Phase E — P2/P3 expansion (ongoing, opportunistic)

Not blocking v1; address as relevant code changes.

T17 — Scraper snapshot tests

  • src/app/scraper/driver.py — saved-HTML fixture parsing test.
  • src/app/validation/livescores.py — Pydantic schema tests.

T18 — src/data/source.py, src/data/storage.py units (mock S3, file IO).

T19 — src/features/select.py unit (purity + schema).

T20 — Property tests for src/data/preprocess.py (Hypothesis metadata round-trip).

T21 — Coverage gating

  • Add --cov-fail-under=70 to make test-coverage and CI.
  • Per-package thresholds (e.g. src/features ≥ 90%, src/app/routers ≥ 80%).

T22 — Mutation testing pilot on src/models/metrics.py (mutmut).

T23 — docs/testing.md (canonical inventory + conventions)

  • Test pyramid (actual numbers).
  • Layer ↔ test file ↔ type matrix.
  • Conventions (purity, determinism, marker discipline).
  • How to run / how to add tests.
  • Replaces ad-hoc inventories in docs/validation/*.

Phase F — CI integration (after A–C)

T24 — .gitlab-ci.yml job matrix

test:fast:      pytest -m "not slow and not integration and not load" --cov=src
test:contract:  pytest tests/contract
test:helm:      make helm-test
test:dvc-smoke: <reduced repro>      # T14
test:integration: pytest -m integration  # nightly only

T25 — Coverage badge + branch protection

  • Coverage report uploaded as CI artifact + badge in README.md.
  • Required checks: test:fast, test:contract, test:helm on every MR.

Cross-cutting conventions (codify in docs/testing.md — T23)

  • Unit: pure, no IO, < 100 ms.
  • Property: Hypothesis for invariants (no-leakage, schema, range). max_examples ≥ 50 in CI.
  • Service: mocks for external systems (Celery, MLflow, MinIO, DB).
  • Contract: doc-truth tests for dvc.yaml, params.yaml, Pydantic schemas, Helm templates.
  • Integration: @pytest.mark.integration, separate CI job, may need docker-compose.
  • Load: @pytest.mark.load, never in default suite.
  • Forbidden: live network without mocks, reading data/raw/* in unit tests, randomness without seed.
  • Naming: tests/<layer>/test_<module>_<aspect>.py; test function name = invariant (e.g. test_no_leakage_h2h).

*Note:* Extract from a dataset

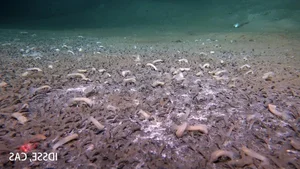 Breakthrough Discovery: Deep-Sea Ecosystem Thriving on Chemical Energy Found - image 4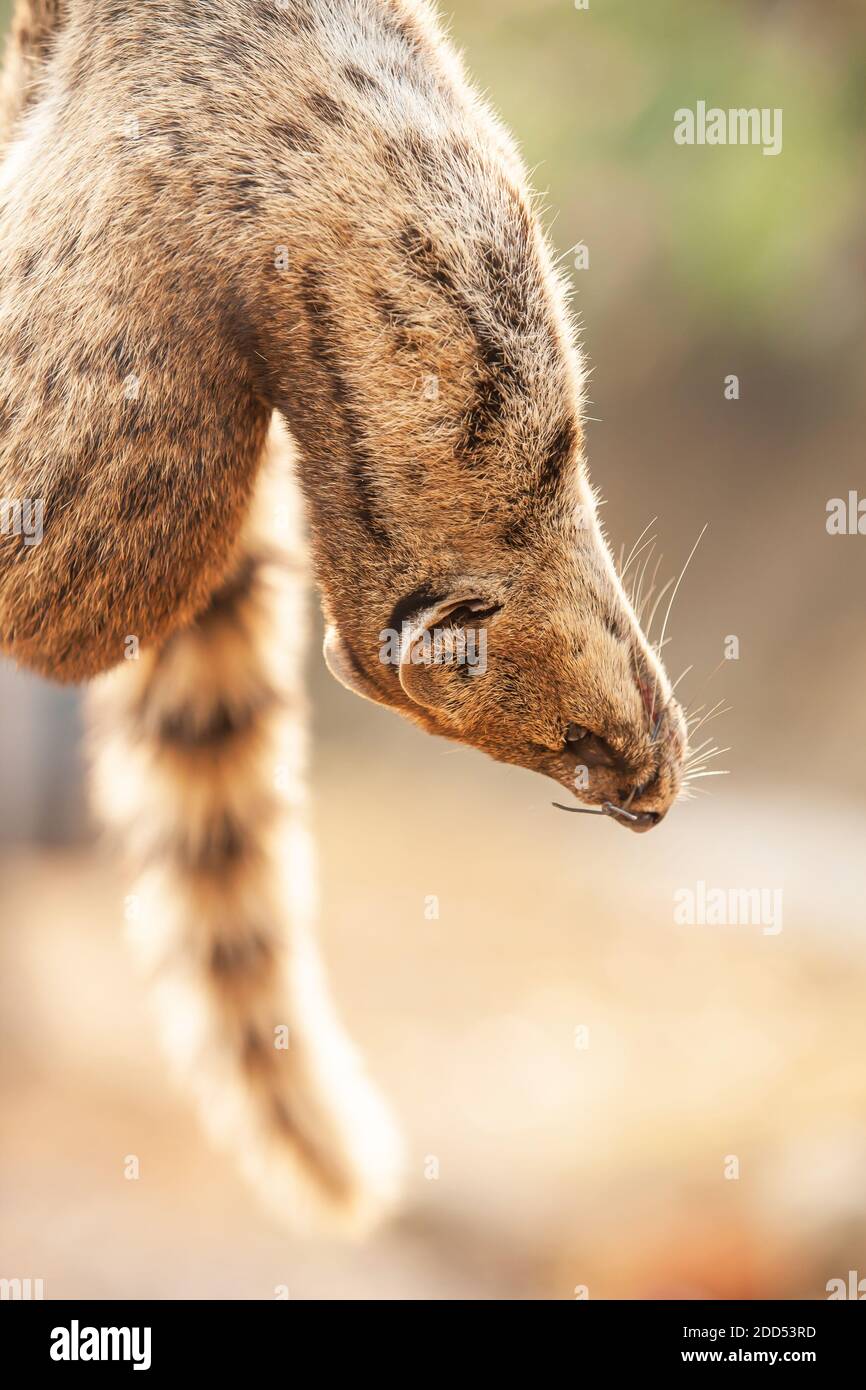 Une Civet suspendue à l'envers en solde sur le bord de la route. Concept de commerce illégal de la faune. Banque D'Images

Definition of Done — overall

  • [ ] DoD-T1 pytest tests/ green, no collection errors.
  • [ ] DoD-T2 Every src/app/routers/*.py has ≥ 1 happy + 1 negative test.
  • [ ] DoD-T3 Every stage in dvc.yaml is in EXPECTED_STAGES.
  • [ ] DoD-T4 Every src/ui/app/pages/*.py collects via AppTest without exception.
  • [ ] DoD-T5 airflow/dags/** validated via DagBag.
  • [ ] DoD-T6 helm lint + helm template green in CI.
  • [ ] DoD-T7 make test exists and is referenced in docs/quickstart.md.
  • [ ] DoD-T8 docs/testing.md exists with current inventory and conventions.
  • [ ] DoD-T9 Coverage ≥ 70% on src/ (gated in CI after Phase E).

Suggested 2-day sprint slice

If only 2 days are budgeted, do T1–T8 + T11. This delivers: - green CI (T1–T2), - correct pyproject.toml + make ergonomics (T3–T4), - honest doc claims (T5), - new API endpoints covered (T6–T7), - the v1 APIClient.get_model_info covered (T8), - complete DVC contract coverage (T11).

This closes the v1-related risks (UI ↔ API contract is actually verified) and removes the "fake green" 200-tests-passing claim from status.md.